Bayıla bayıla okuduğum bir kitaptı. O yıllardaki bilimsel tespitler, kitabın anlatılış tarzı, muhabbetler harikaydı.
“daha ilk anda hırsızlığa karşı büyük bir nefret duyduğunu gördüm. Bu nefretin, iki sebebi vardı: farkında olmadan kolaylıkla herşeyini çalabilmeleri, bir de, büyük ihtimalle kendisi bir şey çalacak olsa başkalarının onu görebilmeleri…. Utanma duygusuna pek aldırış ettiği yoktu, elbise havanın kötü etkilerini önlemeseydi, ne diye giyindiğimizi bir türlü anlamıyacaktı. Bundan başka vücudun bazı kısımlarının diğer yerlerinden daha çok örtüldüğünü, gerek kullanımları bakımından gerekse rahatsız bir durumda olduklarından dolayı daha serbest bir vaziyette bulunmaları gereken bu yerlerin nasıl acayip bir düşünüşle kapalı tutulduğunu bir türlü anlamadığını samimiyetle itiraf ediyordu”

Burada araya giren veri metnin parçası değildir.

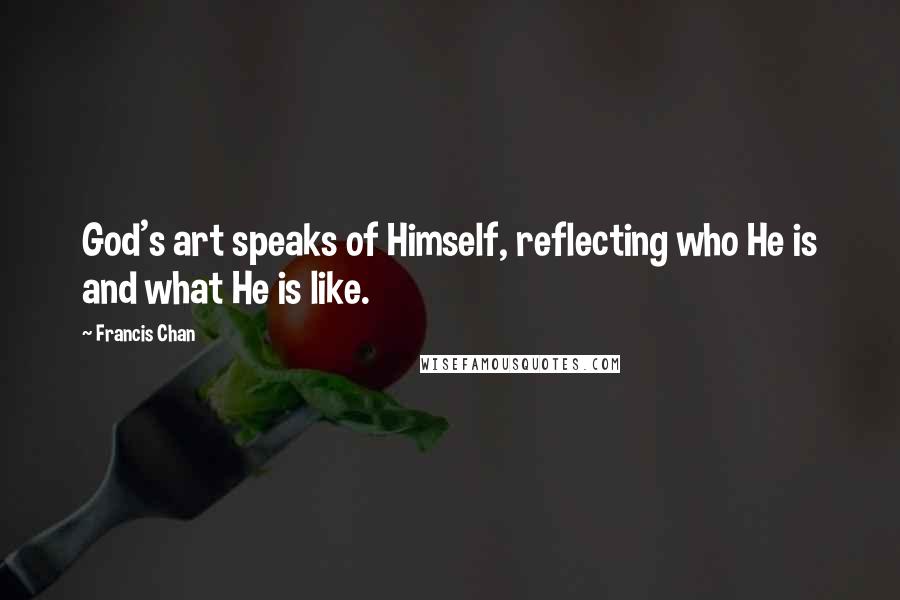 Francis Chan Quotes: God's art speaks of Himself, reflecting who He is and what He is like.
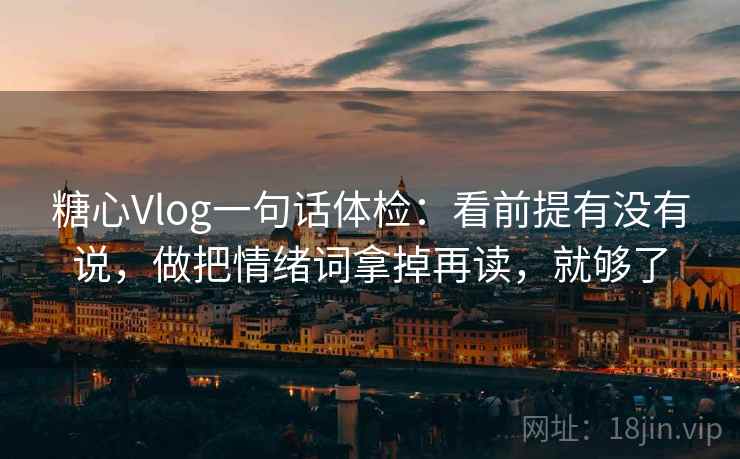糖心Vlog一句话体检:看前提有没有说,做把情绪词拿掉再读,就够了 糖心Vlog一句话体检:看前提有没有说,做把情绪词拿掉再读,就够了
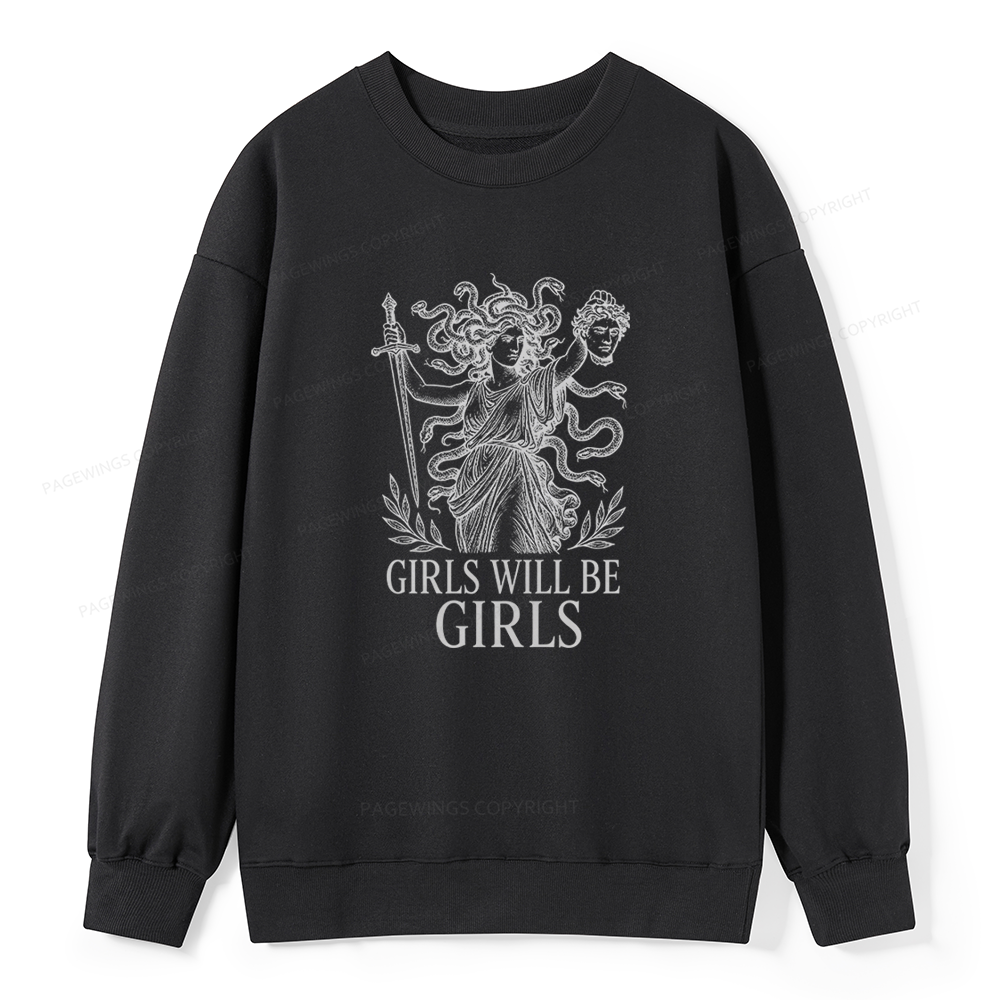 Pagewings Girls Will Be Girls Unisex Classic Sweatshirt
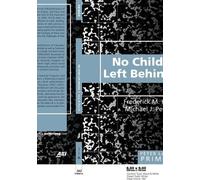 Frederick M. Hess Michael J. Petrilli No Child Left Behind Primer (Tascabile)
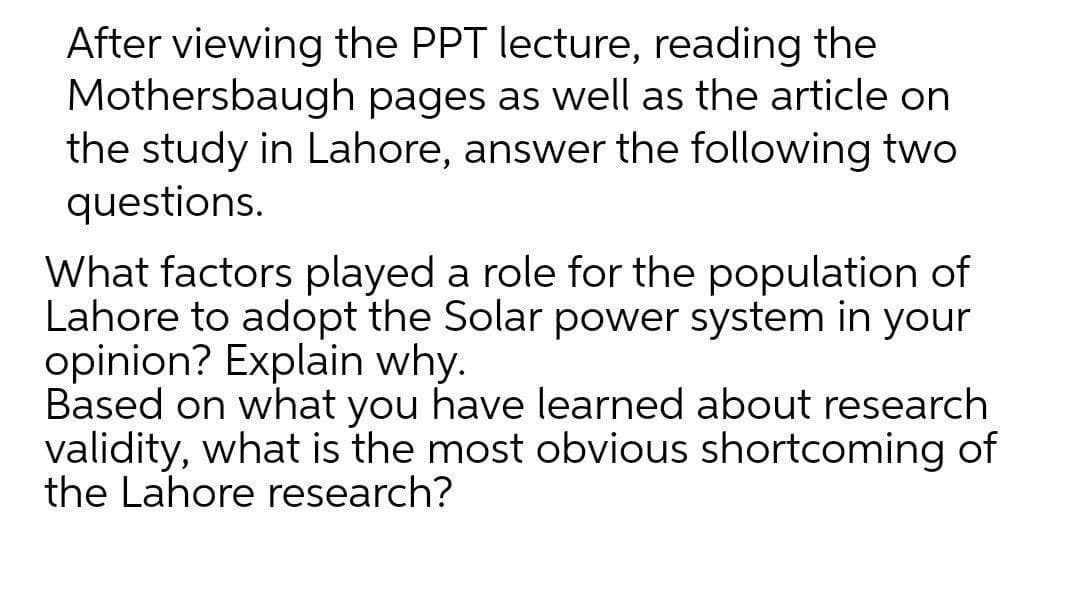 After viewing the PPT lecture, reading the
Mothersbaugh pages as well as the article on
the study in Lahore, answer the following two
questions.
What factors played a role for the population of
Lahore to adopt the Solar power system in your
opinion? Explain why.
Based on what you have learned about research
validity, what is the most obvious shortcoming of
the Lahore research?
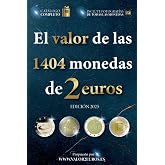 El valor de las 1404 monedas de 2 euros (El valor de las monedas en euros)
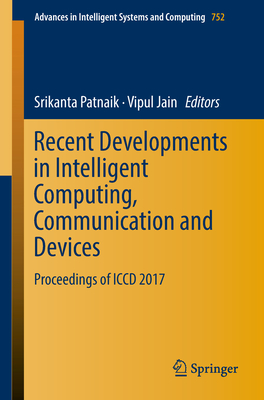 Recent Developments in Intelligent Computing, Communication and Devices: Proceedings of ICCD 2017 - Patnaik, Srikanta (Editor), and Jain, Vipul (Editor)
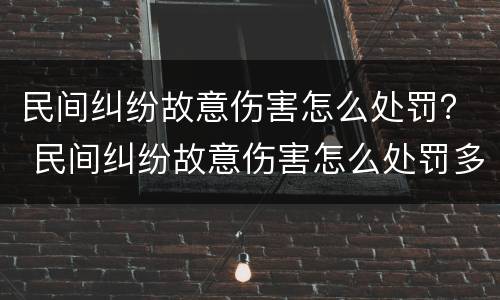 民间纠纷故意伤害怎么处罚？ 民间纠纷故意伤害怎么处罚多少钱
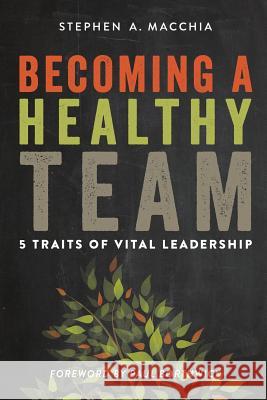 Becoming a Healthy Team: 5 Traits of Vital Leadership Stephen a. Macchia 9780615900773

“görenlerin yararına körler hakkında mektup” gözleri görmeyenlerin hayatta ne kadar çok ve mükemmel şeyler başarabildiklerine güzel örnekler verirken, aslında biz görenlerin, görmemize rağmen hala kör olduğumuza ve yeteneksiz olduğumuza işaret etmekte ve ne kadar yadsınamaz bir güce sahip olduğumuzu anlatmakta. Görmenin yararını anlamak için körlere kulak vermeliyiz.